▶ TASK OBJECTIVE
Look through the listing for the word "Gallery". Copy each line that has it.

▶ PROVIDED ENTRIES
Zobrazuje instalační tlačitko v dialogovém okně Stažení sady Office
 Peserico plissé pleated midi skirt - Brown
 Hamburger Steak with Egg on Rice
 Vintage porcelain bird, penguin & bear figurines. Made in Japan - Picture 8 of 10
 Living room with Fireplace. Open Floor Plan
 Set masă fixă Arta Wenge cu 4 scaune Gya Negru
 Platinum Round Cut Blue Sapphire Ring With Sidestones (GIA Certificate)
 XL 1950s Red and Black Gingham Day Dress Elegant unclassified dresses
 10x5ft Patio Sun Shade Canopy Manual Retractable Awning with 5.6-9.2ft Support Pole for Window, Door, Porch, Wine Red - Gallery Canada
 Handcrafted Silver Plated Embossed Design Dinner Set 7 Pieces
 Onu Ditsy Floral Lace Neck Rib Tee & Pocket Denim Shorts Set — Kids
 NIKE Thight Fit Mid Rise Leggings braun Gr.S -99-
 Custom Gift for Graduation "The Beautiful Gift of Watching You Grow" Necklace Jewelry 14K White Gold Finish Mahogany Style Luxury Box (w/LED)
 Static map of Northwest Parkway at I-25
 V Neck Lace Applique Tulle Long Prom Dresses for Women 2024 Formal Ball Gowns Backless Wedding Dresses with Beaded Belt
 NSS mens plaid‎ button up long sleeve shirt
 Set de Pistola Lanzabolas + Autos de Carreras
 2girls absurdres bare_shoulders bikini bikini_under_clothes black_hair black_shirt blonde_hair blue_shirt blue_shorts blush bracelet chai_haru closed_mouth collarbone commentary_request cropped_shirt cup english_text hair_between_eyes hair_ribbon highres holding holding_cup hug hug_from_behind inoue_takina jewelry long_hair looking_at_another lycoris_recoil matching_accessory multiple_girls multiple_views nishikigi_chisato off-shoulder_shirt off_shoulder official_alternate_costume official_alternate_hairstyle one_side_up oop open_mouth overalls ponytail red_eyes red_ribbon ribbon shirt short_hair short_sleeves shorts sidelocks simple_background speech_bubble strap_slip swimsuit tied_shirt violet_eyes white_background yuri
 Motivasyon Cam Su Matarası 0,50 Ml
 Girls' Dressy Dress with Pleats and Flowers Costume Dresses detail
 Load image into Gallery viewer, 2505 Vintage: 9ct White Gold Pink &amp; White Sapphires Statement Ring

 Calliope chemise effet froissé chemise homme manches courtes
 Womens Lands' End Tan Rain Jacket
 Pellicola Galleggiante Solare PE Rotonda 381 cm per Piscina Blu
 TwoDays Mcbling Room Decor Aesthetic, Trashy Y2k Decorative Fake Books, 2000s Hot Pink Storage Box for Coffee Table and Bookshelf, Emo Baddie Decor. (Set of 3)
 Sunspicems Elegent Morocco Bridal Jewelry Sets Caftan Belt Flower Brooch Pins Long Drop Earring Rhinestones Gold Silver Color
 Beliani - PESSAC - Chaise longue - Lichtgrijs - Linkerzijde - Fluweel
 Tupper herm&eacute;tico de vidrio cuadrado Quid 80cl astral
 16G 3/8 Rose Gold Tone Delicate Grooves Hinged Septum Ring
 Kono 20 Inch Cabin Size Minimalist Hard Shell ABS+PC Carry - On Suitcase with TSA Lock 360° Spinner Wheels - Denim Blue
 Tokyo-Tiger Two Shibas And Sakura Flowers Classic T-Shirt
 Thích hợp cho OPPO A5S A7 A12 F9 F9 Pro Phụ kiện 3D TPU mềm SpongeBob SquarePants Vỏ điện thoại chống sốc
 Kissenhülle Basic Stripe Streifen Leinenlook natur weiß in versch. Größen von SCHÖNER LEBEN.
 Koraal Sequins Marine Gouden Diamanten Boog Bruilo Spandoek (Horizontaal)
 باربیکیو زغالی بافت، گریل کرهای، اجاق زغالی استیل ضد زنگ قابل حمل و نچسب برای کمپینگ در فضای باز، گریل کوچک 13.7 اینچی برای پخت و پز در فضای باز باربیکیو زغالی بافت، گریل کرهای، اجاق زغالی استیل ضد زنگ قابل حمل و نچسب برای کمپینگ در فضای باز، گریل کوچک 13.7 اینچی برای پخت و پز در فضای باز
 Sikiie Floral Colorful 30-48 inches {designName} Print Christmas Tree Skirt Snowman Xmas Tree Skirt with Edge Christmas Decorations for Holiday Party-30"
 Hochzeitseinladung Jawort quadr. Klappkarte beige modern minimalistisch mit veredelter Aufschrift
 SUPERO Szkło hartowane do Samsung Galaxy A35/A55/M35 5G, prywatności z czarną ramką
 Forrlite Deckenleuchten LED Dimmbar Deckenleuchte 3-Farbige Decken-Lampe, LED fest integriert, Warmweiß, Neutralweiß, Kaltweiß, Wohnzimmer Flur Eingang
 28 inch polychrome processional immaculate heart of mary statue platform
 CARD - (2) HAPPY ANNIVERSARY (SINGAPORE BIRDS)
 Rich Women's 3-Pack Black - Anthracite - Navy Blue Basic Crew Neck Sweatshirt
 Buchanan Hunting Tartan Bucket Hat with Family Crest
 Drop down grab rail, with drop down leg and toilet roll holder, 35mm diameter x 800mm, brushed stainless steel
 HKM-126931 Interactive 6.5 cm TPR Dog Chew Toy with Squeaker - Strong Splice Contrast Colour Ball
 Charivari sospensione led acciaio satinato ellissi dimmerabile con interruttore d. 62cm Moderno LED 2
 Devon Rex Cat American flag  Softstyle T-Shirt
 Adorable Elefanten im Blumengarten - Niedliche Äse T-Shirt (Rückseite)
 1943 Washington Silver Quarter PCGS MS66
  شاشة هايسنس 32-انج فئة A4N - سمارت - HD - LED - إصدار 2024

▶ SOLVED EXERCISE
 10x5ft Patio Sun Shade Canopy Manual Retractable Awning with 5.6-9.2ft Support Pole for Window, Door, Porch, Wine Red - Gallery Canada
 Load image into Gallery viewer, 2505 Vintage: 9ct White Gold Pink &amp; White Sapphires Statement Ring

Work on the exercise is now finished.